52% intelligent. 9% modest. More monkey than bear.
Tuesday 15 November 2005
Making you feel like there's going to be a war...
Starsailor @ Rock City, Tuesday 15th November 2005
I'm not quite sure what it is, but there is something fundamentally dislikeable about Starsailor. Let's for a moment compare them with their near contemporaries, Coldplay. Whatever you think of their music, most people will not have a bad word to say about the band. Chris Martin sounds like a nice chap. He seems to be a bit of a worrier, and you get the impression although he's got an Oscar winning actress as his wife, that he has sold millions of records and has millions of pounds in the bank, you could probably go up to him in the pub and chat to him. I don't get that impression with James Walsh. He has a fantastic voice, sure, but he seems like a bit of a knob. He seems to have an inflated sense of his own importance.

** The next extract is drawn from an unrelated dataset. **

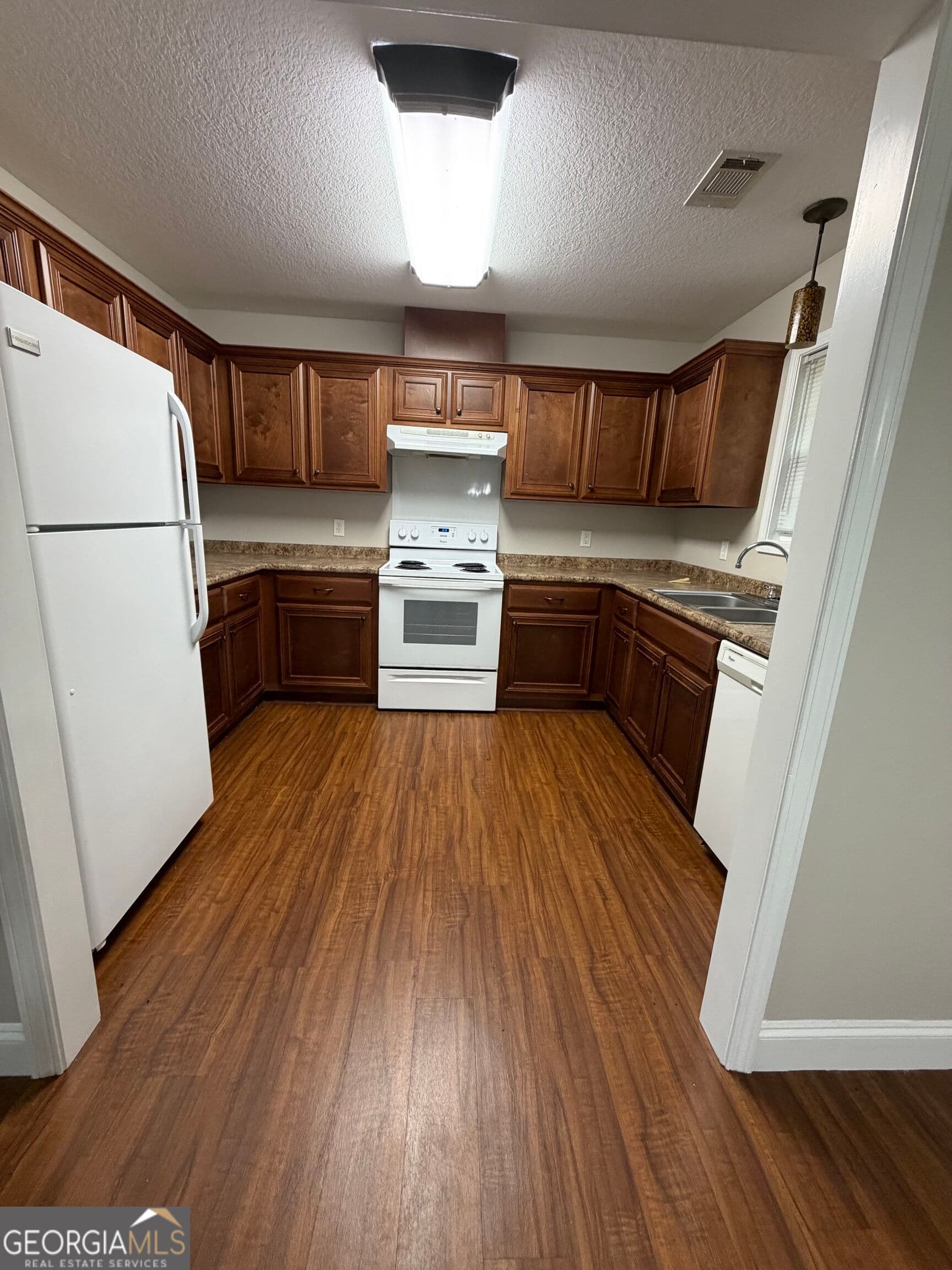 3 bedroom, 2 bathroom, 1,104 sq ft single family residence for sale at 1405 S Cheney, Vidalia, GA 30474 — photo 5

The last time I saw Starsailor was at Glastonbury in 2003. The band were plugging their second album, and they had a slot in the late afternoon. They were terrible. They seemed to completely misjudge what the crowd wanted, and at one point they wheeled Donovan onto the stage as a "Glastonbury Legend" and wasted 15 minutes of their set with some terribly misguided duet with the hoary old folkie. I imagined that would probably be that, and that I would not see or hear from them again.

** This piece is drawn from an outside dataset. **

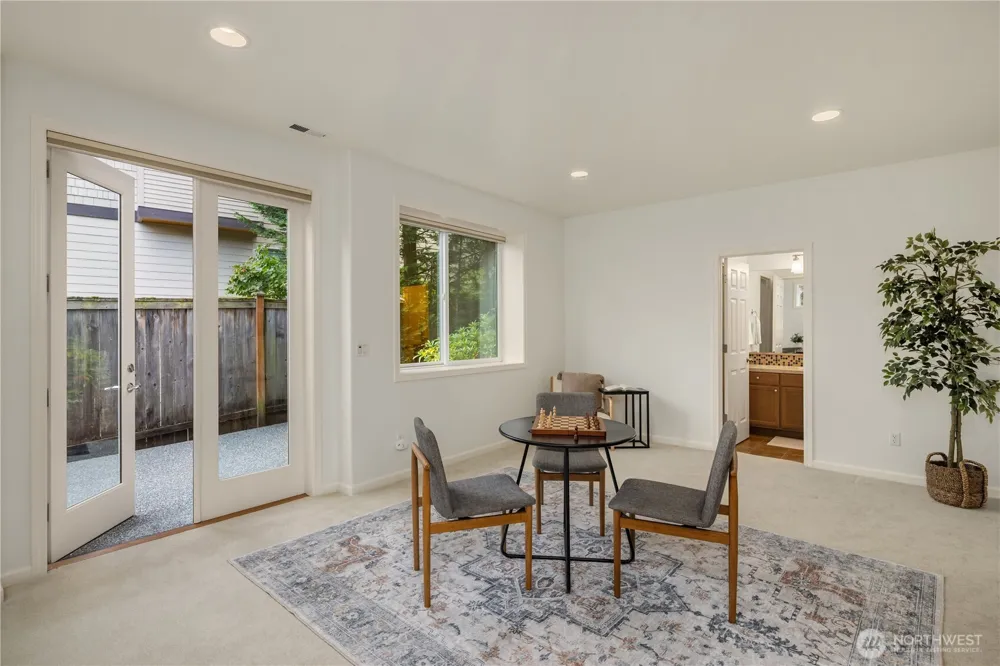 2759 NW Pine Cone Place Issaquah, WA 98027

Starsailor emerged as one of the bands that people had heard about before they had actually released a single thing; they were one of those bands that the music magazines thought were going to be massive. I saw them at Rock City a little after their debut album had come out, and the place was absolutely rammed (mainly with students, as I recall) and the band themselves were fantastic. They had the songs (especially the majestic "Good Souls"), and in Walsh's voice, they seemed to have something a little bit different from the rest of the pack. They had a few hit singles around this time ('Lullaby', 'Alcoholic', 'Poor Misguided Fool'), and everything seemed to be going pretty well. And then the second album came out, along with word that Walsh's head had disappeared up his own arse. "A Rush of Blood to the Head" it clearly was not.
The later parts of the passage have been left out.